Dr. Cindy Vestergaard, Director, Nuclear Safeguards Program, The Henry L. Stimson Center
Cindy Vestergaard is the director of Stimson’s Nuclear Safeguards Program. Her current research focuses on the impact of evolving international safeguards obligations on states and facility operators. Projects include looking ahead to nuclear facilities of the future, such as deep geological repositories and multinational fuel cycle facilities and how these emerging facilities, coupled with emerging technologies, challenge and/or enhance the management of safeguards. Her portfolio also includes chemical weapons disarmament, biosecurity and import/export controls. Before joining Stimson in 2016, Vestergaard was a senior researcher at the Danish Institute for International Studies (DIIS) in Copenhagen, Denmark.
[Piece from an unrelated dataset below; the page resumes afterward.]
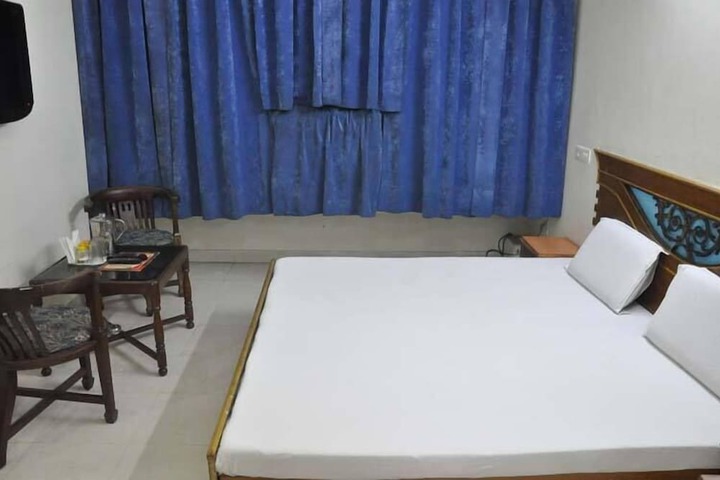 Room 7 of 19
Prior to DIIS, she worked on non-proliferation, arms control and disarmament policy and programming at Canada’s foreign ministry.
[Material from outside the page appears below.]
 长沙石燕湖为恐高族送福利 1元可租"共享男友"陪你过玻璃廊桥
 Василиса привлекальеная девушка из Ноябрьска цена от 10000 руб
Ms. Mallory Stewart, Non-Resident Fellow and Principle Member of the Technical Staff–Global Security Research and Analysis, Stimson Center and Sandia National Laboratories
Mallory Stewart is a nonresident fellow in the WMD, Nonproliferation, and Security program at the Stimson Center. Her areas of expertise include chemical and biological weapons law and policy, space security policy, U.S. missile defense, and nonproliferation and arms control law. Prior to joining Stimson, Stewart was the Deputy Assistant Secretary of State for Emerging Security Challenges and Defense Policy in the Bureau of Arms Control, Verification, and Compliance (AVC) at the U.S. Department of State. In that role, she was responsible for overseeing the Office of Emerging Security Challenges and the Office of Chemical and Biological Weapons Affairs. In 2014, Stewart was a recipient of the Secretary’ of State’s Award for Excellence in International Security Affairs for her work on the international effort to eliminate Syrian chemical weapons. Ms. Stewart was a litigation associate at the law firm of Sullivan & Cromwell prior to joining the State Department.
Ms. Mary Vecellio, Research Associate, Partnerships in Proliferation Prevention Program, The Henry L. Stimson Center
Mary Vecellio is a Research Associate with the Partnerships in Proliferation Prevention Program at the Stimson Center. Her research focuses on WMD non-proliferation with specific focus on radiological source security, United Nations Security Council Resolution 1540 assistance activities, and chemical weapons-related material security. Vecellio is particularly interested in issues related to preventing the spread of chemical weapons and related materials. She has a Master’s in Non-Proliferation and International Security from the Department of War Studies at King’s College, London. She received her Bachelor’s in History with a concentration in Public Policy from the Gerald R. Ford Institute for Leadership in Public Policy and Service from Albion College in Michigan.